GOAL OF THE EXERCISE: The material beneath this line should be printed exactly, with its pictures omitted.

[SOURCE DATA Boundary: Start]

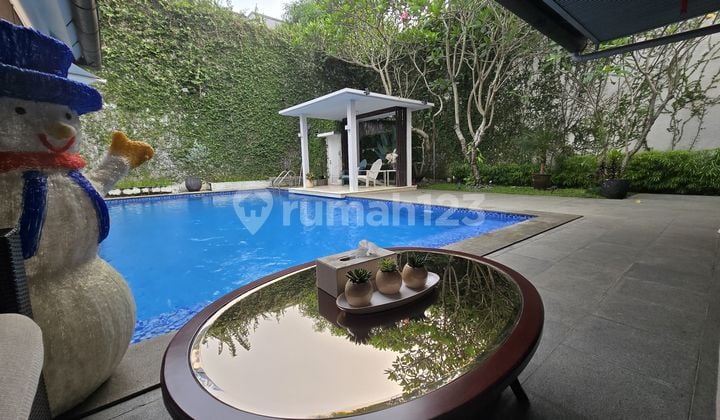 Dijual Rumah Resort Mewah Dan Siap Huni di De Park, Bsd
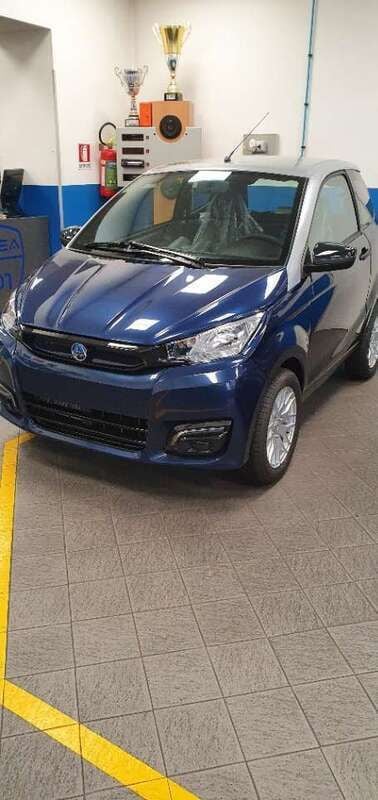 Usata Aixam City Pack 2024 Bianco Utilitaria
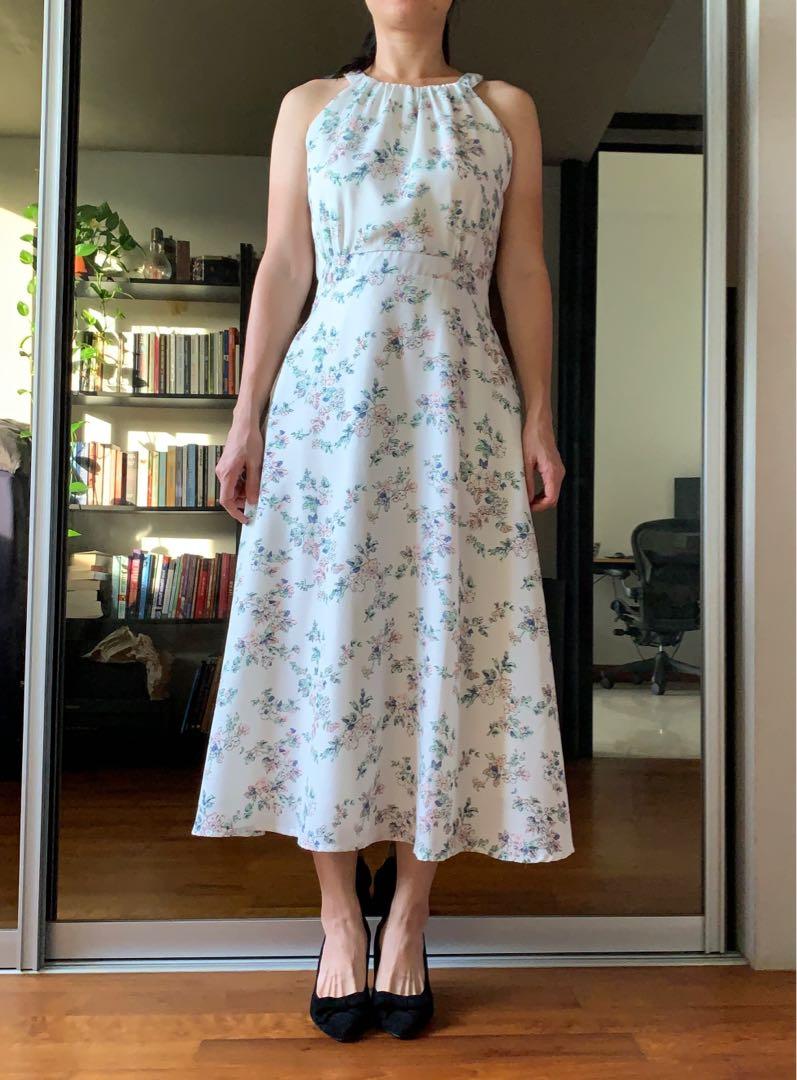 Elegant flower dress store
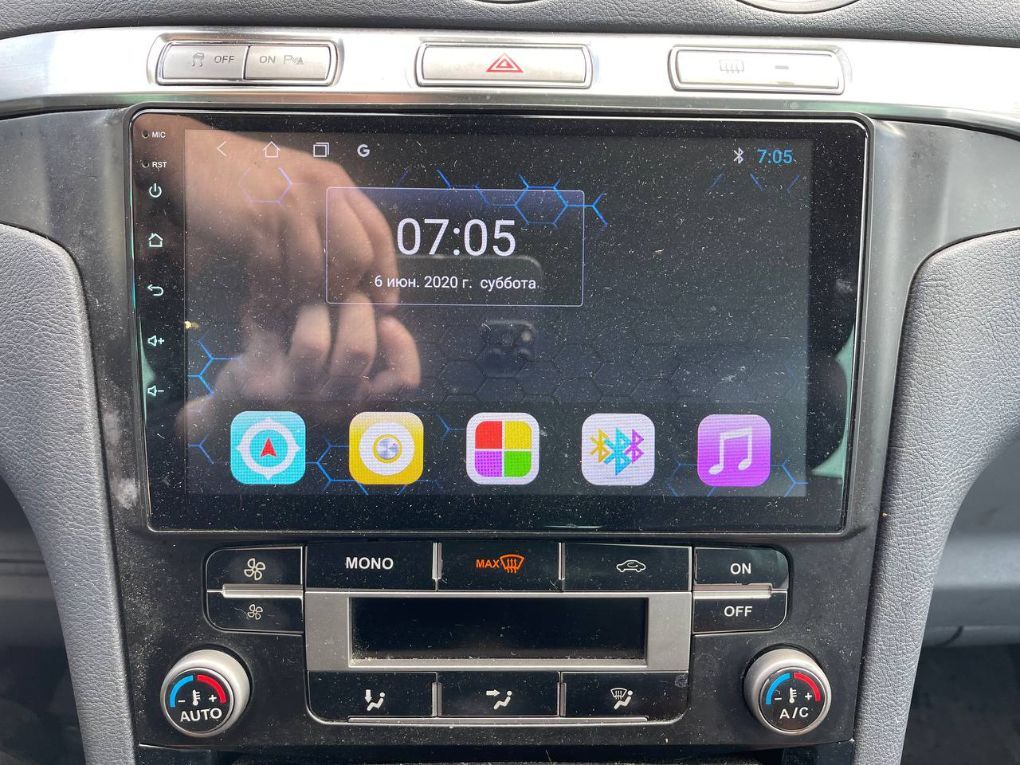 ANDRO1D Radio FORD S-MAX I (2006-2014) — Leverans i Europa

[SOURCE DATA Boundary: End]

TASK ANSWER:
 Dijual Rumah Resort Mewah Dan Siap Huni di De Park, Bsd
 Usata Aixam City Pack 2024 Bianco Utilitaria
 Elegant flower dress store
 ANDRO1D Radio FORD S-MAX I (2006-2014) — Leverans i Europa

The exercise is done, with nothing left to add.